For merger with a global player, an approval is required if the combined entity has a turnover of $6 billion and an asset base of $2 billion.
“The criteria for giving the permission is whether this adversely affects the competition in the Indian market,” P.C. Gupta, the minister for corporate affairs, said.
Gupta said the commission must take a decision on the deal within 210 days. “If it can’t come to a conclusion, the M&A or the takeover will be allowed.”
An appellate tribunal will hear the complaints against the rulings of the watchdog. It will be headed by a sitting or a retired judge of the Supreme Court; or a chief justice of a high court. There will also be two experts on the bench.
This separation of the judicial and executive powers of the watchdog was the outcome of a case in the Supreme Court that challenged the setting up of the commission.
Sources said the Prime Minister wanted the watchdog to be up and running by the end of the year.
The proposed changes to the competition bill are before a group of ministers. The bill will come up before the cabinet later this month. If approved by the cabinet, it will be placed in Parliament during the monsoon session.
The commission will also have the powers to investigate suspected cartels. It is authorised to prevent them from raising prices and exercising powers that hurt competition.

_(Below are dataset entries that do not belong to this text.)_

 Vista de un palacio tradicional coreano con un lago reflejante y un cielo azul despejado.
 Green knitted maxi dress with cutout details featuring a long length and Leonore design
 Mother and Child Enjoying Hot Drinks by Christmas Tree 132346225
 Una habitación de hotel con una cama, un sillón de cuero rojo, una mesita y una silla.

Gupta said: “We are introducing the concept of a whistle blower. If an insider working for the cartel gives us information, we will protect him adequately. That is the only way cartels can be broken. Even tough western laws have proven to be ineffective against cartels abroad.”
The government has been wary of rising prices of intermediary goods such as cement. The fear is the rise in the prices is not fully because of escalation of input costs.
The finance minister held discussions with various sectors, including cement and steel, to try and contain the surge in prices.
Although the government did not accuse companies of forming cartels, it seemed to indicate that some of them might have indulged in profiteering.
Officials said profiteering by abusing monopoly or monopolistic power could be investigated by the commission.
“Our guiding principle is monopoly by itself is not bad, but abuse of monopoly powers in the market is bad for the consumer,” said Gupta.